Here we are with installment #4 of our five part introduction to on-line marketing. In case you missed the earlier installments, you can find them here:
- Introduction to On-Line Marketing
- Search Engine Marketing and Optimization
- Understanding e-Mail Marketing
Before I dive into the meat of things, I want to talk a little bit about the title of this post. When I initially envisioned it, this article was going to be about banner ads. Now, when I think of “banner ads”, the natural analog equivalent is billboard advertising. Thinking that way is why I said that,
of all the on-line marketing techniques, e-mail marketing is probably the closest analog to a traditional marketing technique which you have probably used. But the more I thought about things, the more I came to realize that “banner ads” are only called that because of their shape. From a marketing perspective, what I’m really talking about is display advertising, regardless of the shape of the ad — and display advertising is something that as a business owner you are probably just as, if not more, likely to have used than direct mail. Display advertising covers billboards, but it also covers ads in periodicals, and, most significantly, ads in your local Yellow Pages.
Display Ad Pricing
The price (cost) of a display ad is primarily influenced by two factors: how targeted the ad is, and how many eyeballs it attracts. This is true for both the on-line and off-line versions. If you’ve ever worked with an ad agency, you will have heard them talk about things in terms of “eyeballs”, which is industry slang for the somewhat jargonistic “impressions”: the number of times your ad is seen. A billboard ad on a busy stretch of a major interstate costs a lot more than that same billboard ad on the side of a barn along a rural road. Of course, the reason is that it’s garnering far more eyeballs: far more people are driving by, and therefore seeing it, every day.

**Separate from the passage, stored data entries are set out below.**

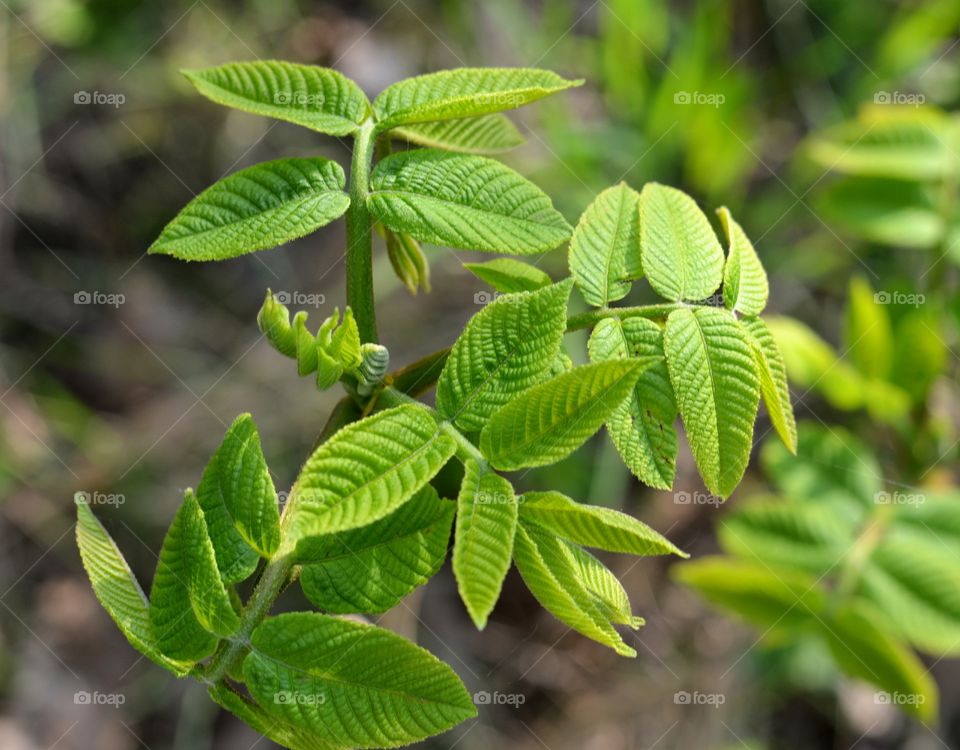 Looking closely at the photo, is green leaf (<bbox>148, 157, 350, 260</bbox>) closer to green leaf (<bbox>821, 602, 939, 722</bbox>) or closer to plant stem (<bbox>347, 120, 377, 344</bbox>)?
Answer: plant stem (<bbox>347, 120, 377, 344</bbox>)

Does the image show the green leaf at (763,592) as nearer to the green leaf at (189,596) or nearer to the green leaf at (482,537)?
the green leaf at (482,537)

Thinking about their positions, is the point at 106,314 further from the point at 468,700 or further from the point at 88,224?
the point at 468,700

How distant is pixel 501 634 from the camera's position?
3.70 meters

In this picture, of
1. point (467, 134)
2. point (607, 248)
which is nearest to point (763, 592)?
point (607, 248)

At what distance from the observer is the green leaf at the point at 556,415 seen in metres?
1.16

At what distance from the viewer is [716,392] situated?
4.24ft

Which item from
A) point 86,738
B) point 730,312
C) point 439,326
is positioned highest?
point 730,312

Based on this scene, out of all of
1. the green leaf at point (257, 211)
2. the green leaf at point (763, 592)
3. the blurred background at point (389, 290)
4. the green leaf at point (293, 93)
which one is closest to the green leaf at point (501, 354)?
the green leaf at point (257, 211)

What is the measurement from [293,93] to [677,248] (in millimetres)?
651

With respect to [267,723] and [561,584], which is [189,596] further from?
[561,584]

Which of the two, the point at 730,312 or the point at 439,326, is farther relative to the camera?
the point at 439,326

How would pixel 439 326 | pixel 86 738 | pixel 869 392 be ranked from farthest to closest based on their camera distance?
pixel 439 326 < pixel 86 738 < pixel 869 392

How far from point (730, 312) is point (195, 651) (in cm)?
90

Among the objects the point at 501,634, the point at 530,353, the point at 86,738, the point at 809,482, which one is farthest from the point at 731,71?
the point at 86,738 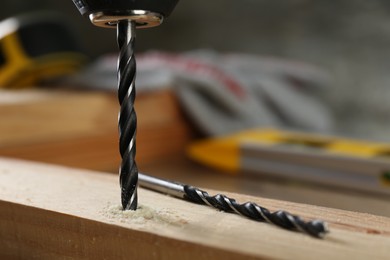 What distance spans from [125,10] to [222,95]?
0.86 m

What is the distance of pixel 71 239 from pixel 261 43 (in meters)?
1.40

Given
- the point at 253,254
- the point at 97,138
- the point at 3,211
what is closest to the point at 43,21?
the point at 97,138

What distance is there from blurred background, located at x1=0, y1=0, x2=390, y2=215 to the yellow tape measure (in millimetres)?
122

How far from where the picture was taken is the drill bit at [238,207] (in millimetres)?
376

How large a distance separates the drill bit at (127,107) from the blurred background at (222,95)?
1.37 feet

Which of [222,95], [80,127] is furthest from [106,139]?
[222,95]

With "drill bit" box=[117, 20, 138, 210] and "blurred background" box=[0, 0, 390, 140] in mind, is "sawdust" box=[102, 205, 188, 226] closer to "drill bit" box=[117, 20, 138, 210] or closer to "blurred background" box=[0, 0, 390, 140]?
"drill bit" box=[117, 20, 138, 210]

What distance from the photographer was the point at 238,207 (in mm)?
424

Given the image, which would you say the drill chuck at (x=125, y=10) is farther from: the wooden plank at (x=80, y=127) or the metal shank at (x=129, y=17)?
the wooden plank at (x=80, y=127)

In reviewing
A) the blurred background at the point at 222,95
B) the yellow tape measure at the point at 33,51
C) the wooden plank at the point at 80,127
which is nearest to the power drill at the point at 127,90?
the blurred background at the point at 222,95

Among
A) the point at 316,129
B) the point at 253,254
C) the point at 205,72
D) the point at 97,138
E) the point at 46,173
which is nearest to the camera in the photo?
the point at 253,254

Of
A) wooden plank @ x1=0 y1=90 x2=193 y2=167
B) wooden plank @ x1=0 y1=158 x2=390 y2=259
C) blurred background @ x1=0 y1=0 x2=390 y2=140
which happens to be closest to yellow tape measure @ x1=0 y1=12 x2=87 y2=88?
wooden plank @ x1=0 y1=90 x2=193 y2=167

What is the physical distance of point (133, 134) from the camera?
0.44m

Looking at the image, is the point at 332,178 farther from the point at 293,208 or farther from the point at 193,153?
the point at 293,208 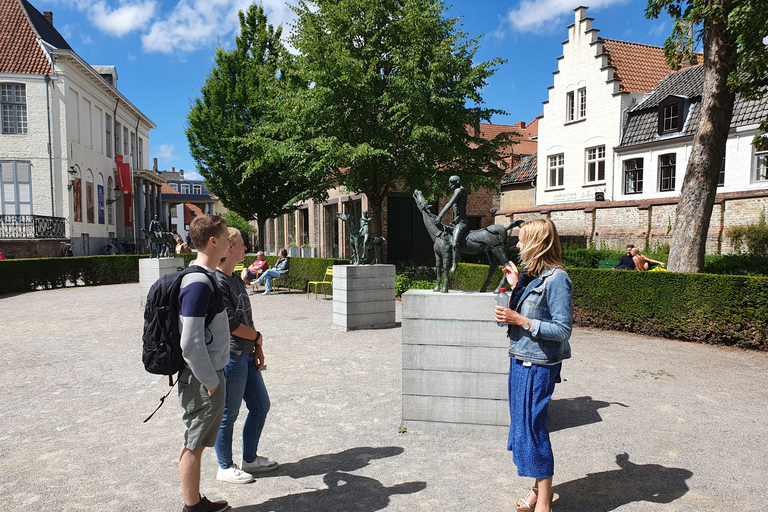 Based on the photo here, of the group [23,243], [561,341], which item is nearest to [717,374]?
[561,341]

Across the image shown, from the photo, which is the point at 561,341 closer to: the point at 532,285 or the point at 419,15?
the point at 532,285

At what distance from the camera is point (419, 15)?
50.9ft

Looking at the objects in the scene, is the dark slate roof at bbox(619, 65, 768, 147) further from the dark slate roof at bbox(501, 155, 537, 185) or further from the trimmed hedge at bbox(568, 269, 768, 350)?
the trimmed hedge at bbox(568, 269, 768, 350)

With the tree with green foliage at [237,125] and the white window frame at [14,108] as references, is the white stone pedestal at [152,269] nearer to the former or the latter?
the tree with green foliage at [237,125]

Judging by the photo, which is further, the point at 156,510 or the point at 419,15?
the point at 419,15

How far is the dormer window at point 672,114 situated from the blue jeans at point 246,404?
23.4 metres

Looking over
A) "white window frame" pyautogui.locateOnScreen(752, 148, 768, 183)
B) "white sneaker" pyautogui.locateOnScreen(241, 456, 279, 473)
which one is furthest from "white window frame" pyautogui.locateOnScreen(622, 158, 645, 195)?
"white sneaker" pyautogui.locateOnScreen(241, 456, 279, 473)

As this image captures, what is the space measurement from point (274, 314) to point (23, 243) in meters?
17.3

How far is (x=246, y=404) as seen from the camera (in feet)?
12.0

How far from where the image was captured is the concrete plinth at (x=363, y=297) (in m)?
10.0

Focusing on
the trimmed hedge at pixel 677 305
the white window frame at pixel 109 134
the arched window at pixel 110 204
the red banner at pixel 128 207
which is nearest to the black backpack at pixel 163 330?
the trimmed hedge at pixel 677 305

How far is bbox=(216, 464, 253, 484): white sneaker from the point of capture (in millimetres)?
3656

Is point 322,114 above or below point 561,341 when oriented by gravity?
above

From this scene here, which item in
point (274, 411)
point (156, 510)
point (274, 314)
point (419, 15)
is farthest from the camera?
point (419, 15) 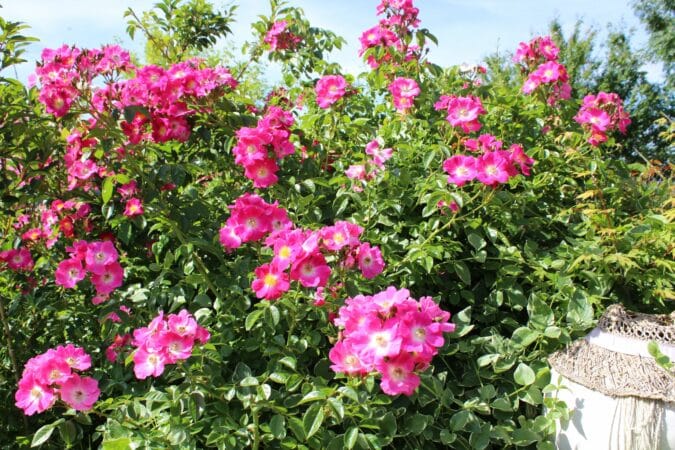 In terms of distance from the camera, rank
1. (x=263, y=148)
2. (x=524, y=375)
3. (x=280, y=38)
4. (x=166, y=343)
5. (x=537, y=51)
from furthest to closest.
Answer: (x=280, y=38) → (x=537, y=51) → (x=263, y=148) → (x=524, y=375) → (x=166, y=343)

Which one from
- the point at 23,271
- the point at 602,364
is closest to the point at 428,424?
the point at 602,364

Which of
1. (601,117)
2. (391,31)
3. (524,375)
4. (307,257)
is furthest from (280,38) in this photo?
(524,375)

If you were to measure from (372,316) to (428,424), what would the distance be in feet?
1.92

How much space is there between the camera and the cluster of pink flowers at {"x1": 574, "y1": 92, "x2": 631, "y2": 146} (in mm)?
2219

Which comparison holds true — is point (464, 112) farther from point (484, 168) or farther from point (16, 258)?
point (16, 258)

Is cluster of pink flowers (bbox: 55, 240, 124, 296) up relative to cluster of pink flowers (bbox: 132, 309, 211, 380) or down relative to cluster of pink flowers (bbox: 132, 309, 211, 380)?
up

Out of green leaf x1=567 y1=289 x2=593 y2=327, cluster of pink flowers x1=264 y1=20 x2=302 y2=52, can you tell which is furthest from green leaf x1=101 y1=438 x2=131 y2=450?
cluster of pink flowers x1=264 y1=20 x2=302 y2=52

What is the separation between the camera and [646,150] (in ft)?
37.3

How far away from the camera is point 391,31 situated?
2.58 metres

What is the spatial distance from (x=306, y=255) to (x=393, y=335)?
288mm

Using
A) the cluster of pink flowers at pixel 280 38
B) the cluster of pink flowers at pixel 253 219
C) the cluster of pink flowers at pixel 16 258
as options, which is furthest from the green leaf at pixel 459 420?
the cluster of pink flowers at pixel 280 38

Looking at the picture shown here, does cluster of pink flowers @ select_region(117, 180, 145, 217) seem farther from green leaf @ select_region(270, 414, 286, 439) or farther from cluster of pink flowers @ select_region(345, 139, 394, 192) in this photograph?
green leaf @ select_region(270, 414, 286, 439)

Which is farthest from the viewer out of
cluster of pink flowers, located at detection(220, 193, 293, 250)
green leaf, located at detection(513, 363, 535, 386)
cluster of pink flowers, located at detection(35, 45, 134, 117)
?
cluster of pink flowers, located at detection(35, 45, 134, 117)

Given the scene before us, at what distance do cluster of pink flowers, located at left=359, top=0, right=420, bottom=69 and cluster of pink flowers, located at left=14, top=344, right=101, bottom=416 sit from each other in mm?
1688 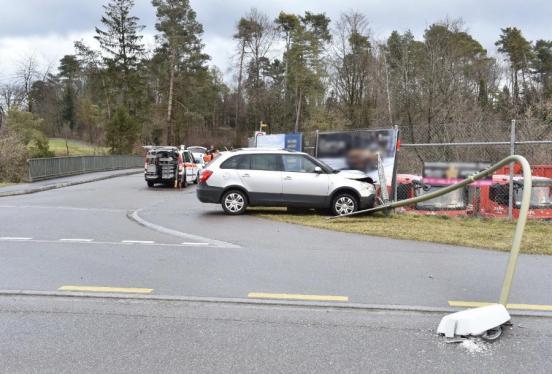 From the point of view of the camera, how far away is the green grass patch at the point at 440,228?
30.4ft

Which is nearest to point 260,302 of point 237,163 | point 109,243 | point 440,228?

The same is true with publications: an ad in a publication with large circulation costs more than an ad in a publication with limited circulation. However, there’s another factor here. If you divide the cost of the ad by the circulation of the publication, it will often turn out that the cost per impression is much higher in the more limited one. Why? Because the more limited one is also (presumably) more targeted. An ad in the New York Times might cost more than an ad in the Journal for Research in Mathematics Education, but the cost per impression of the latter is almost certainly much higher. And if you were selling a product for math teachers, then that higher cost per impression would almost certainly be worth it — because the periodical is much more targeted. That is, the quality of the impressions is much higher for your product, because they are much more likely to buy it than the general public is.
The same thing is true of on-line display advertising: the cost of advertising is directly related both to the number of impressions and how targeted those impressions are. When pricing an ad, these two characteristics are rolled up into a single number, the CPM, or cost per thousand impressions. That number, the CPM, can vary tremendously based on the two factors. It is fairly easy to find published CPM rates anywhere from 25¢ to $60 (that is, anywhere from $0.00025 to $0.06 per impression).